Jacobs appeared in the sixth chapter of PBS' comedy documentary, Make 'em Laugh: The Funny Business of America singing "Blue Cross," his own 1961 parody of Irving Berlin's "Blue Skies". That lyric was one of 25 which comprised Irving Berlin et al. v. E.C. Publications, Inc., a precedent-setting case that was appealed to the Supreme Court and helped to define the boundaries of parody in American law.
In September 1964, Jacobs married Barbara Stellman whom he met in Greenwich Village. They had one child, Alexander George Jacobs, born 1970 in New York City. Jacobs and Stellman were divorced in 1975, but still remain close friends today. Stellman lives in Seattle, WA while their son Alex now resides in Delray Beach, FL with his wife, Tara. Jacobs resides in Burbank, CA where he continues his writings and ramblings.

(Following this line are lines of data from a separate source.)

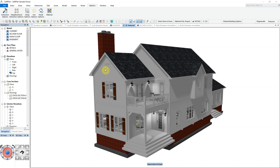SoftPlan and SoftPlan Plus subscribers now have the ability to publish fully navigable 3D models to the web. Once published, SoftPlan creates a link to your project that can be viewed by anyone you wish on PC, phone, or tablet, without the need to install any software.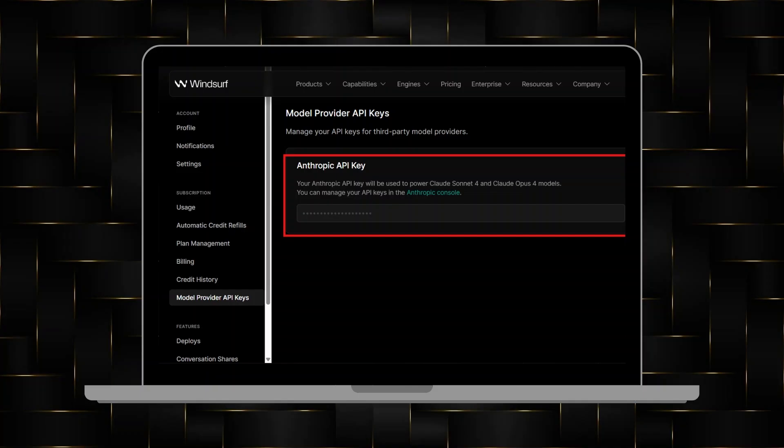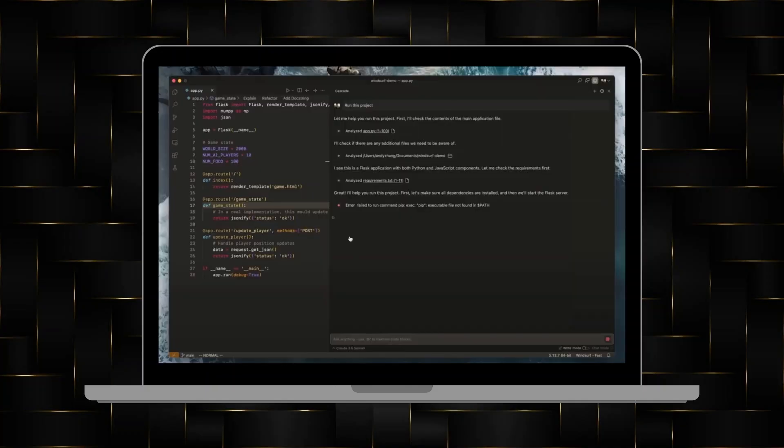Once your code is ready, you can save it to your workspace, download it for offline use, or integrate it into larger projects.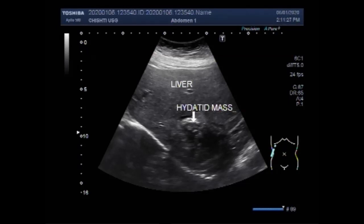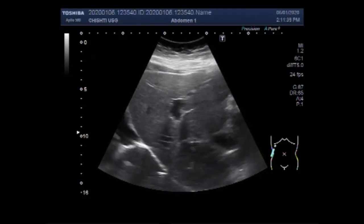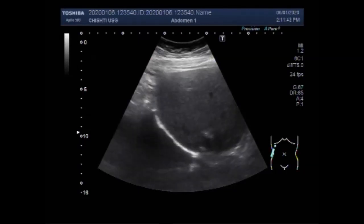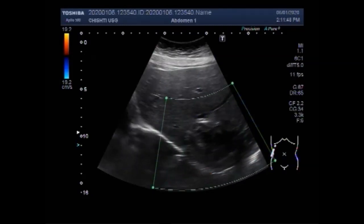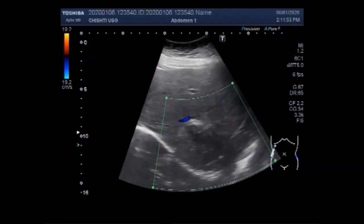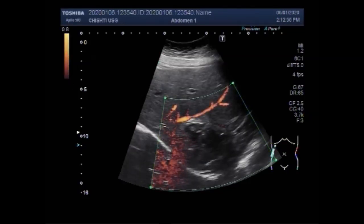This classification was proposed by the World Health Organization in 2001, and the cysts or hydatid mass seen in this video, according to the WHO classification, comes in the stage of CE5 — that is the inactive degenerative stage.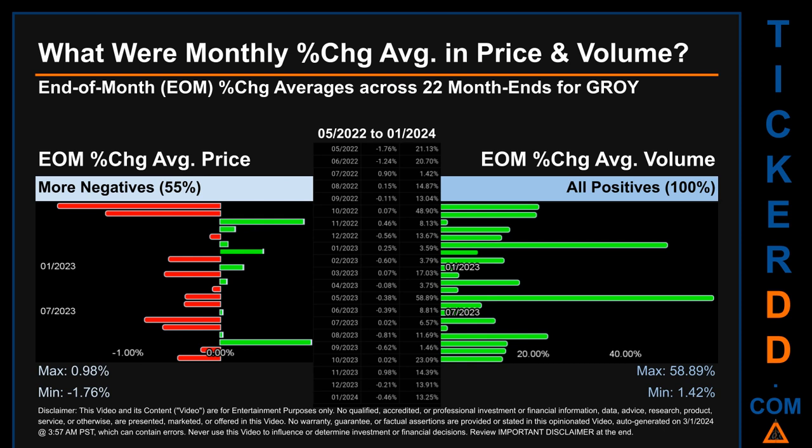Price saw an end-of-month max of 0.98 percent in average percentage change, along with a minimum of minus 1.76 percent. For volume, the maximum and minimum monthly percentage change were respectively 58.89 percent and 1.42 percent.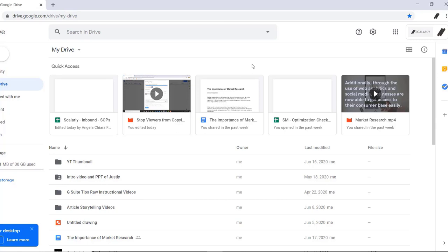you can disable all the options for viewers to download, copy, and print your document, a great feature which has been on many people's wishlist.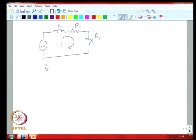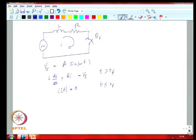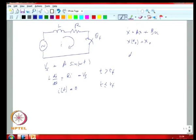We assume the source voltage Vs = A sin(ωt). The circuit equation is L di/dt + Ri = Vs for t ≥ tf, and i(t) = 0 for t ≤ tf. We can write this as a dynamic equation: ẋ = ax + bu with x(t₀) = x₀. In our case: di/dt = −(R/L)i + (1/L)Vs.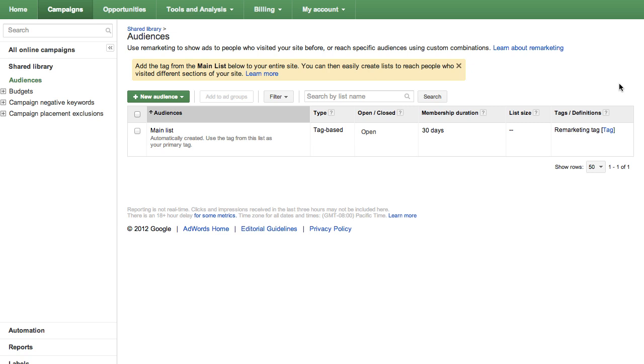For example, if you have an online clothing store, you might like to show remarketing ads to customers shopping for women's apparel that are different from the ads you want to show to customers shopping for men's apparel. You can set up new, separate lists to use in each situation defined by the areas of your site for those products.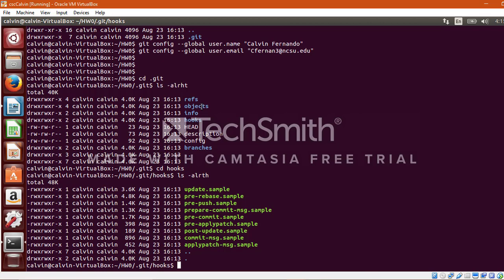As you can see it consists of multiple files such as pre-commit, prepare-commit, pre-push, pre-rebase, etc., but there is no file with the name post-commit. So let's create a post-commit file using a vim text editor.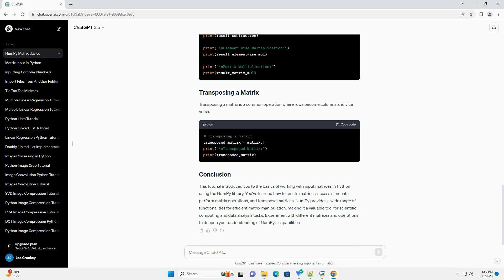This tutorial introduced you to the basics of working with input matrices in Python using the NumPy library. You've learned how to create matrices and access elements.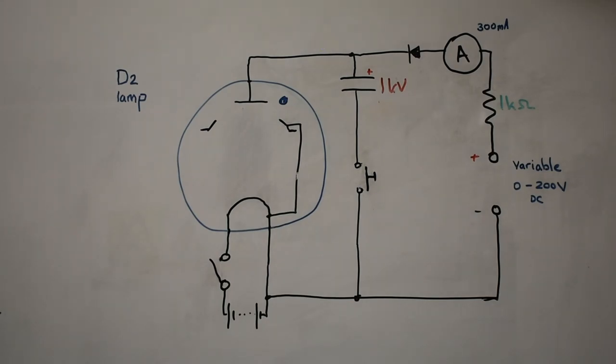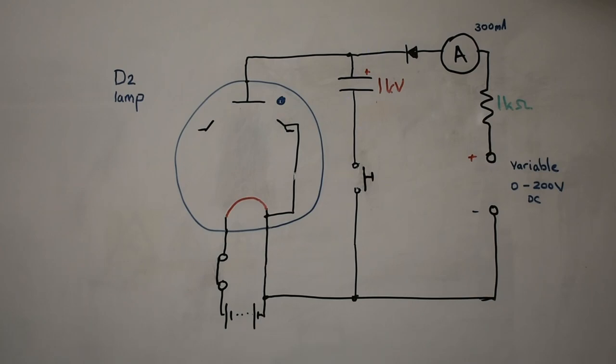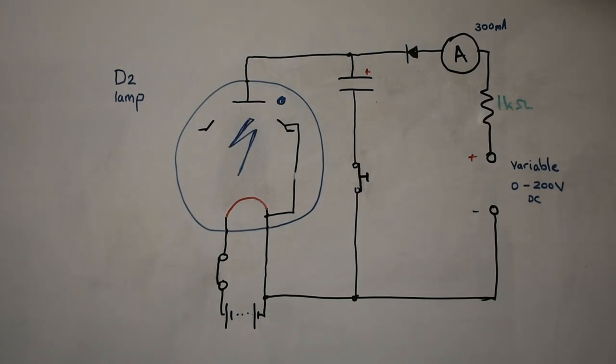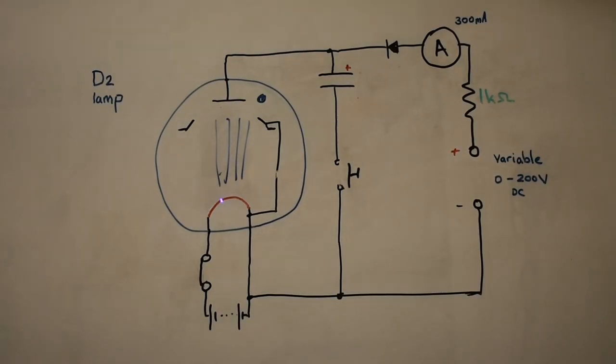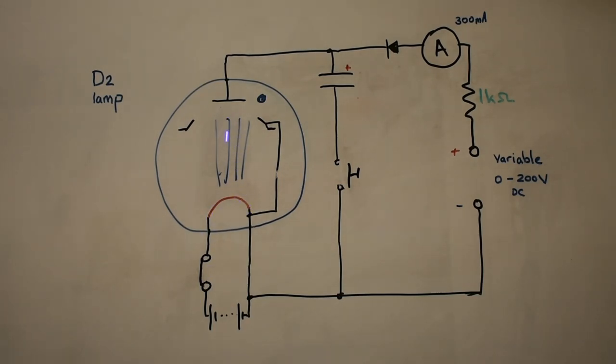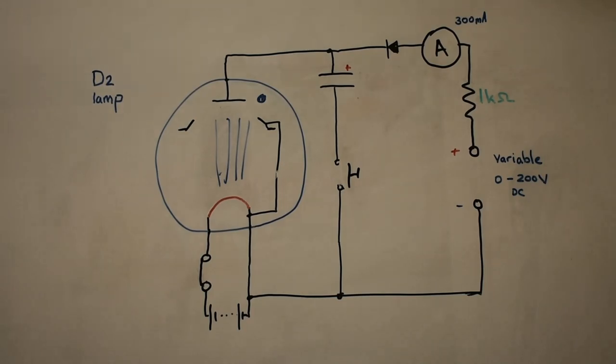So first of all with the cathode heated and up to temperature we can then initiate the strike voltage to start the arc. With the arc struck you can also reduce the current to the heater because the ion bombardment from the deuterium will actually sustain this thermally emitting electrons.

Jacobs' first submission to the magazine, "Why I Left the Army and Became a Civilian," resulted in an immediate sale and a request for more material. It was one of five Jacobs pieces to appear in issue #33 (June 1957), marking a prodigious debut for the Mad contributor. His byline has since appeared in more than 300 issues of the magazine, second only to Dick DeBartolo among Mad writers who do not also illustrate their own work. Jacobs has over 575 credits for the magazine, more than any other writer or artist. At his peak, Jacobs was writing a fifth of the magazine's content. "My top year, I sold 60 pages... so you get an idea of the roll I was on," Jacobs told an interviewer. 165 separate issues of Mad include multiple articles written by Jacobs.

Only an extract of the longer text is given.